Saudi Arabian oil minister Ali al-Naimi and six other OPEC members attended, making it the largest gathering of cartel ministers in Washington in recent memory. Ministers from OPEC members Venezuela, Nigeria, Indonesia, United Arab Emirates and Algeria, as well as cartel President Abdullah al-Attiyah of Qatar, were also present. Non-OPEC nations invited to the meeting that are major US energy suppliers, or have the potential to be, included: Russia, Mexico, Canada, Norway, Trinidad, Brazil, Argentina and Australia.
The ministers discussed global gas resources, existing and proposed LNG supply projects, import and export terminals, transportation routes to North America, safety and security issues, and barriers to investment in the LNG market. The conference came at a time of high gas prices that have punished US manufacturers. Gas prices soared to a nine-month high above $ 7 per mm Btu.

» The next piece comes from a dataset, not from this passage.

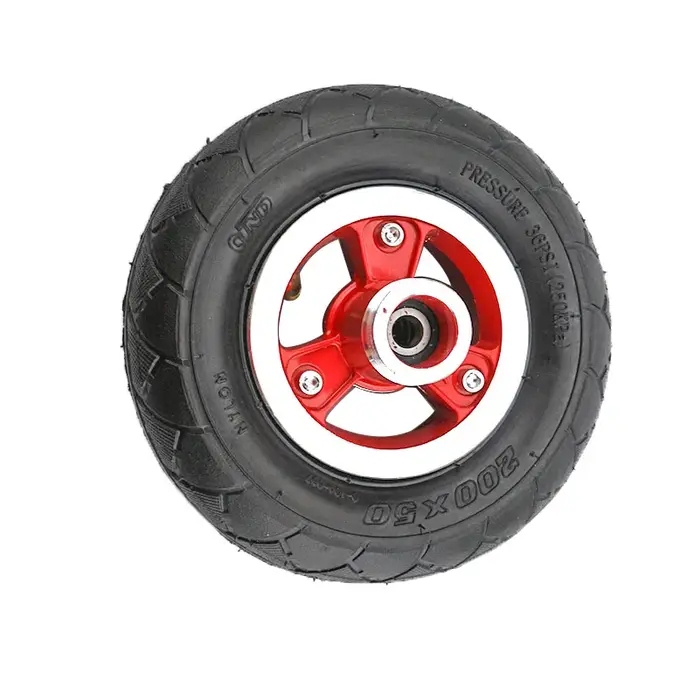 8 pouces Scooter électrique vélo roue arrière moyeu ceinture moteur pas dents pignon 200x50 pneu 8 "EPike partie 200*50 roue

Many companies in the chemical sector, which uses gas to produce everything from plastics to fertiliser, have cut output because of high plant fuel prices. Some have moved production to countries like Trinidad, where gas is cheap and abundant.
Some 30 proposals have been unveiled in recent months to build LNG terminals to serve the US market. Several energy analysts say LNG could meet about 10 % of total US gas needs by 2010 -- up from about 2 % today.

Currently, there are four LNG receiving terminals in Massachusetts, Maryland, Georgia and Louisiana. Not all analysts are convincedLNG will significantly boost its share of the overall US gas market.
"LNG is a very small portion of the gas consumed... and I think in the future it will still be marginal. Terminals will have a difficult time getting built for economic and political reasons," said Stephen Brown, an energy economist at the Federal Reserve Bank of Dallas. But in its long-term energy forecast, the Energy Information Administration said US LNG imports should grow from this year’s 540 bn cf to 4.8 tcf in 2025, more than double its forecast from last year.

LNG imports will meet 15 % of America’s gas demand in 2025, as gas use is expected to rise from 22.8 tcf last year to 31.4 tcf in 2025, the Energy Department’s analytical arm said. LNG is natural gas treated for transportation aboard special tankers. Gas cooled to minus 259 degrees Fahrenheit (minus 162 degrees Celsius) changes into liquid and shrinks to less than 1/600 of its original volume. Once it arrives at a US terminal, LNG is returned to a gaseous state and fed into existing natural gas pipelines.
Algeria was historically the largest LNG supplier to the US market, but in 2000 it was surpassed by Trinidad and Tobago, which provides 66 % of the US’s LNG imports. Environmental and consumer groups have expressed concerns about the dozens of LNG terminals proposed to be built in the United States, citing fears LNG tankers could explode and are at the risk of sabotage.

The LNG conference also gave US Energy Secretary Spencer Abraham an opportunity to meet with the OPEC ministers following their December 4 meeting in Vienna, where the cartel decided to leave their oil production levels unchanged.
OPEC will meet again in early February and likely reduce its output, according to oil market analysts.